Software Development is Like 30 Rock – A New Software Development Metaphor Part 2

Back in January I stressed the need to come up with some new metaphors regarding software development because our old metaphors were causing some problems. I still believe this to be true more than ever. Developers are not just cogs, but are individuals. Research has shown that the most productive developers are up to 10 times more productive than others (see Peopleware for more). You cannot just plug any developer into a product team and expect them to perform at the average level for that team. Domain knowledge counts as well.

However, one thing that I did not do a great job of was suggesting a replacement metaphor. The one I used was the film industry. While I was correct that development is a creative art, it has recently been pointed out to me that making motion pictures usually takes a great deal of upfront planning and design – not a good analogy for an Agile advocate. This misstatement showed that I knew less about the film industry than I do software development.

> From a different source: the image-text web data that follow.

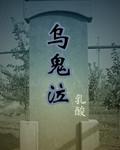 大唐妖王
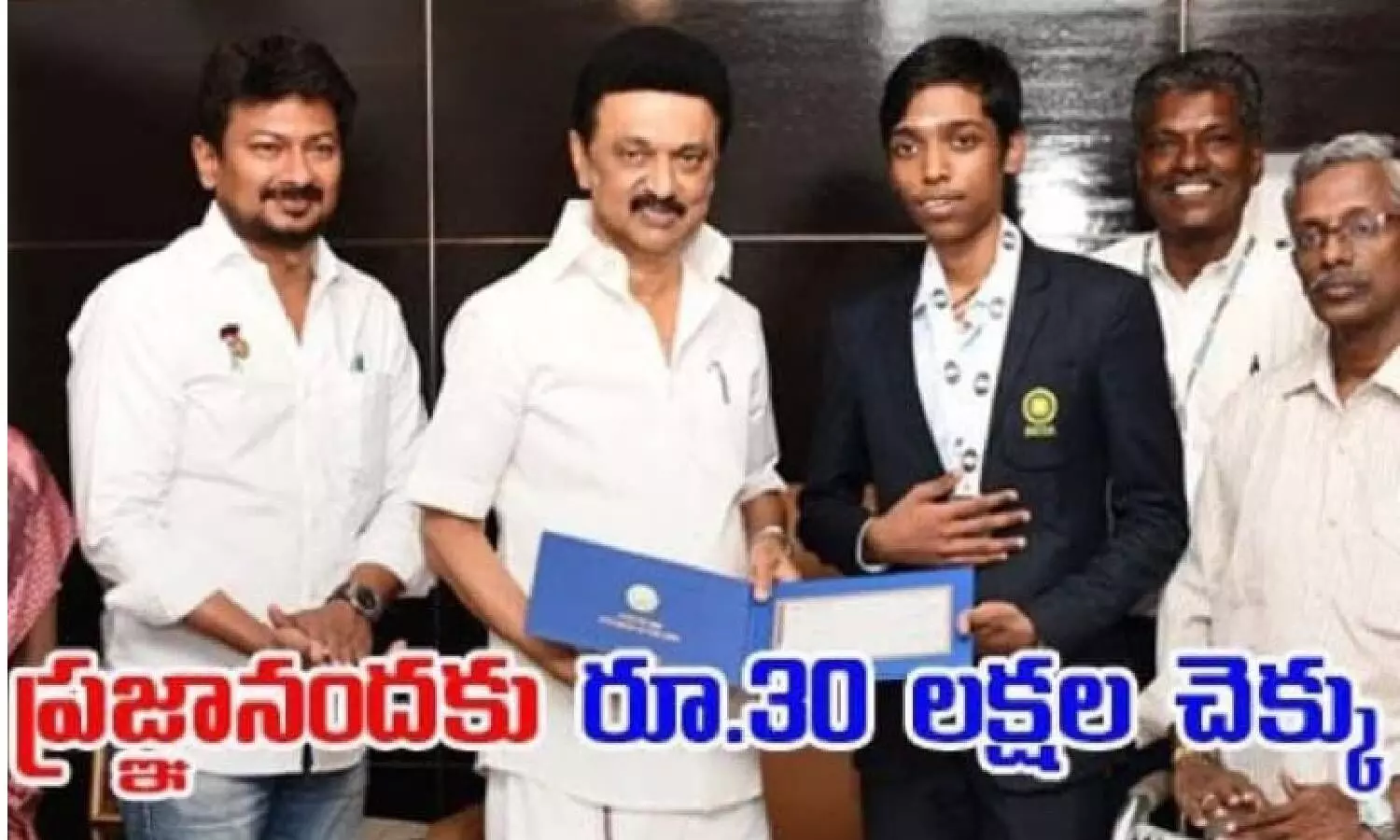 ప్రజ్ఞానందకు చెన్నైలో ఘన స్వాగతం....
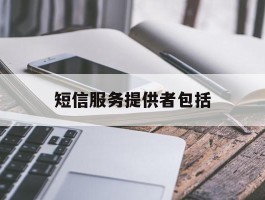 短信服务提供者包括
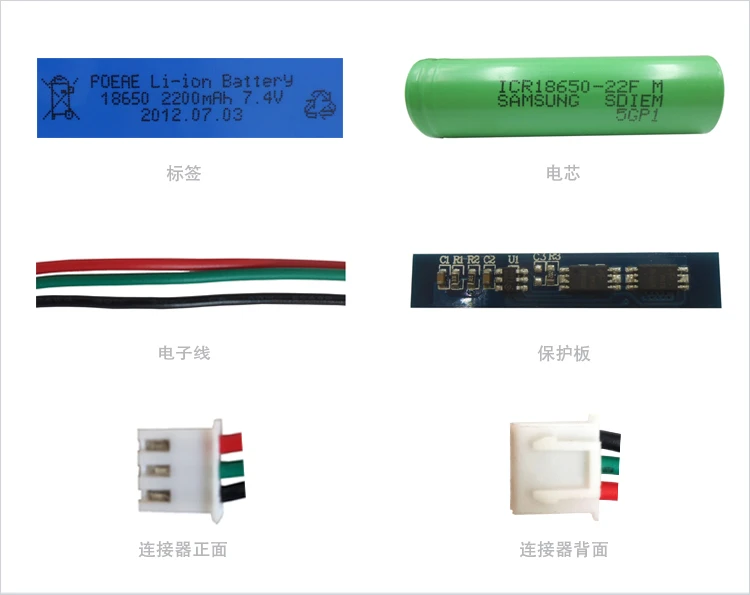 7.4V锂电池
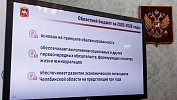Бюджет Челябинской области на 2026 год и плановый период до конца 2028‑го принят в трех чтениях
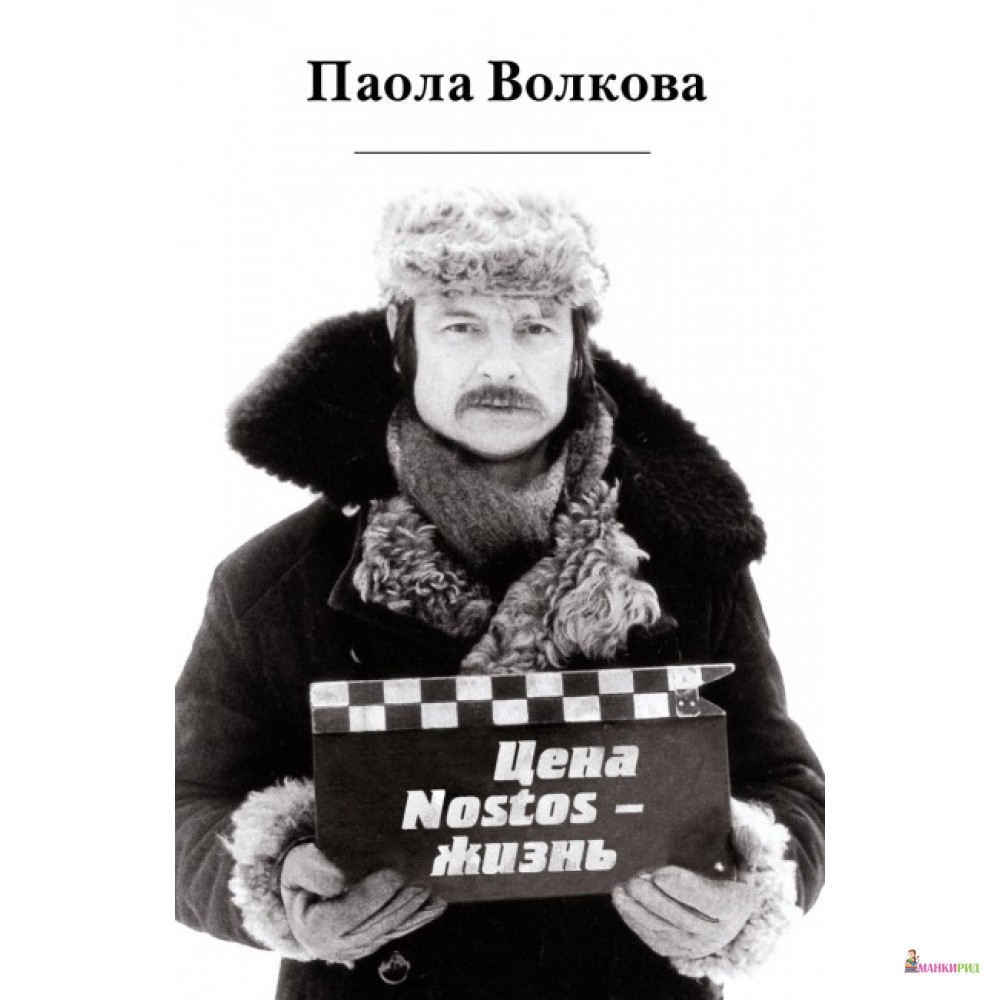 

«Цена – Nostos - жизнь» - Паола Волкова - Зебра-Е - 338338
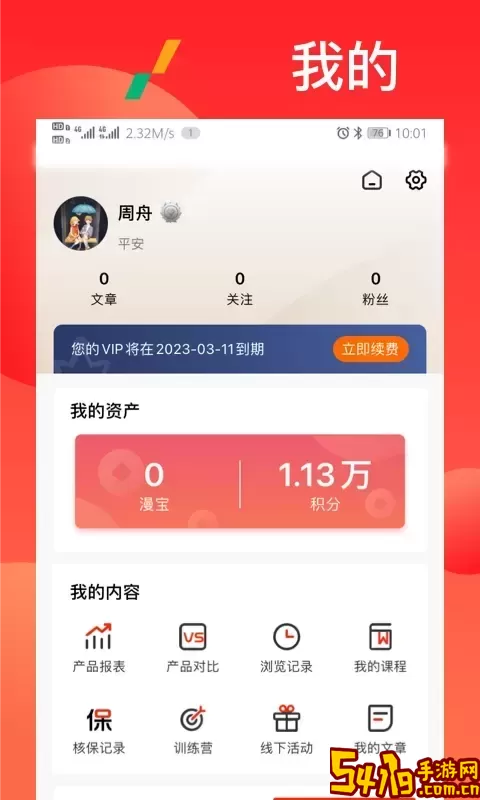 漫保手机版下载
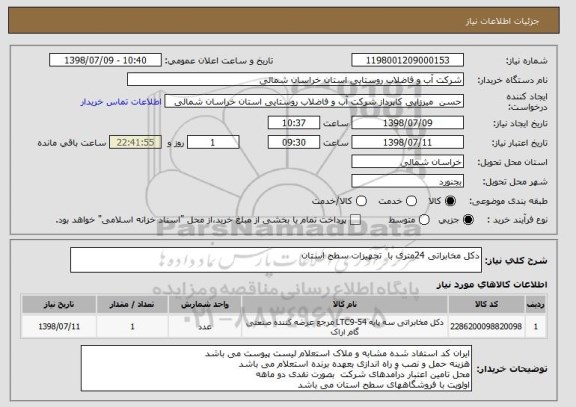 استعلام دکل مخابراتی 24متری با  تجهیزات سطح استان 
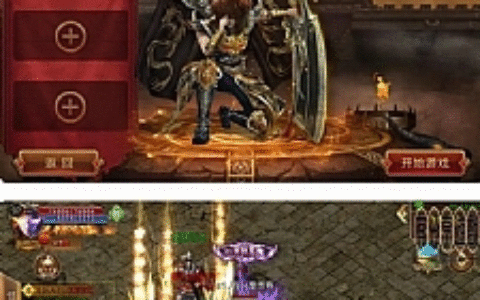 鸿蒙传说一键即玩服务端+安卓苹果端+外网服务端+文字教程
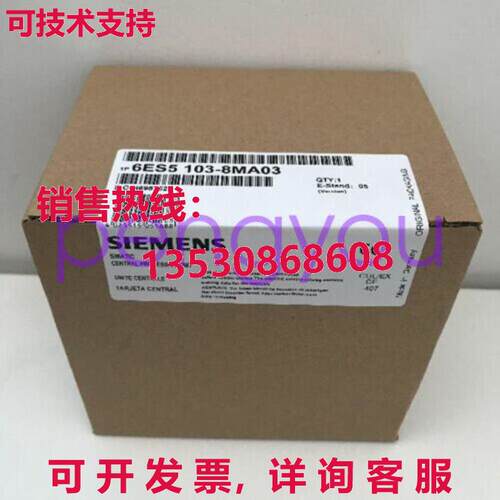 6ES5103-8MA03 6ES51038MA03库存现货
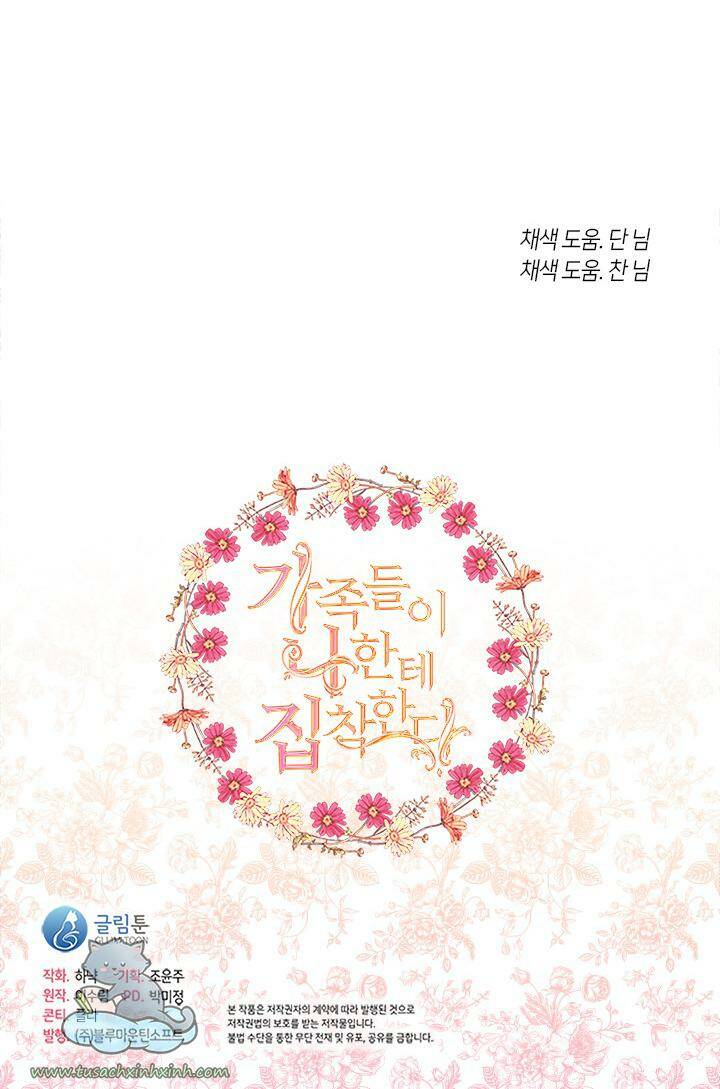 Gia Đình Bị Ám Ảnh Bởi Tôi Chapter 10 - Trang 2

After a bit of consideration, and a chance to watch old 30 Rock episodes on Netflix, I have come to a better metaphor – writing software in Agile is very much like writing scripts for a show like the one portrayed on 30 Rock. Why? For one, both are creative. Two, each person is part of a team with individual talents that must be harnessed for team goals. Three, the iterations (shows) are time-boxed – you do a new show every week regardless. Four, your target is ever-moving. Live weekly shows like Saturday Night Live have to be topical so very little can be written upfront – agility is everything to stay relevant.

There may be many more reasons why this metaphor is appropriate, but the main thing is that we begin to start using new metaphors so that we can steer the conversations (and, more importantly, decisions made as part of these conversations) more appropriately.

What do you think? Do it make sense? Can you come with a better metaphor? Or can you give more examples of why this metaphor is better? I would love to hear what others have to say.